Do UOL
Foto: Luiz Guilherme Nascimento (Ônibus Brasil)
A viagem na linha de ônibus mais “perrengue” de São Paulo durante o jogo do Brasil x Croácia na tarde desta sexta-feira foi um prenúncio do que estava por vir.
A depressão pós-Copa que toma conta dos brasileiros e aquela sensação de que “acabou a festa, vou ter de voltar a trabalhar” já eram sentidas antes mesmo da eliminação brasileira na linha 477P/10, a mais longa da cidade, com 78 quilômetros.
Ali, motorista, cobrador e o gato pingado de passageiros honravam a máxima: melhor mesmo é torcer pelo boleto, que sempre vence. E trabalhar bastante para conseguir pagá-lo — mesmo em dia de Copa do Mundo.
Quando o apito do juiz deu início à partida entre Brasil e Croácia, o motorista Manoel Edivânio tomava lugar no volante e começava a sua viagem, que duraria quase duas horas do Ipiranga, na zona sul, até o Rio Pequeno, na zona oeste. Não havia bandeira do Brasil nem vuvuzelas ou qualquer transmissão de jogo.
Essa era apenas uma das quatro viagens que ele faz todos os dias na mesma linha, com paisagens que alternam de prédios luxuosos a quebradas paulistanas.

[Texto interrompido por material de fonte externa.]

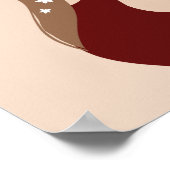 Boho Woman Illustration, Earthy Tones Poster (Hoek)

Na cabine do motorista, nem um sopro de clima de Copa aliviava o ar quente. Desde que o torneio começou, ele trabalhou em todos os jogos do Brasil — e trabalharia até mesmo se a seleção chegasse à final. “Já estou escalado.”
A solução era acompanhar de “orelhada” os comentários sobre a partida feitos pelos poucos passageiros — a maioria também a caminho do trabalho — que entravam e saíam da condução.
“Não tem outro jeito. Tenho de trabalhar”, dizia Manoel. Já o cobrador Marcelo Lourenço até olhava para o celular de vez em quando, em meio ao sacolejo da lotação, para verificar o placar do jogo.
Pelo caminho, não havia trânsito na tarde desta sexta-feira nem mesmo na Rodovia Raposo Tavares, conhecida por travar em horários de pico.
Os passageiros na hora do jogo eram poucos — em todo o trajeto, não subiram mais do que 15. Duas senhoras, as primeiras a entrar no ônibus ainda no início da partida, na rua Lino Coutinho, desceram pouco depois do Museu do Ipiranga e disseram não ligar para a Copa.
Uma outra mulher, que se identificou apenas como Maria Regina, não passou dez minutos na condução até descer em uma farmácia. A 12 mil quilômetros dali, no Qatar, a seleção brasileira não fazia seu serviço.
“Eu assistia a todos os jogos, mas desde o 7 a 1 eu não vejo mais, não. Até hoje! Fico torcendo para sair o gol, mas não assisto. Hoje mesmo, fiz pipoca para os meus filhos e sai”, completou. Poucos estavam vestidos de verde e amarelo.
O jogo que se estendeu até a prorrogação também não ajudou o trabalhador paulistano. Nas proximidades do Rio Pequeno, a lojista Amanda Vitória teve de sair de casa e tomar a condução antes de a partida terminar.
“Como o jogo não acabou, tive de sair para trabalhar. Assisti em casa, mas logo depois da partida o shopping reabre e eu preciso estar lá”, contou.
No momento em que Neymar marcou o gol do Brasil, no primeiro tempo da prorrogação, Amanda descia em frente ao trabalho sem tirar os olhos da tela do celular.
O ônibus voltou a ficar completamente vazio — a não ser pela presença de motorista e cobrador. A Croácia empatou e não houve qualquer reação. A partida foi aos pênaltis e só o barulho da lataria interrompia o silêncio que pairava sobre o veículo.
O Brasil foi eliminado, mas motorista e cobrador continuavam inabaláveis na missão de completar mais uma jornada de trabalho e voltar para casa, finalmente.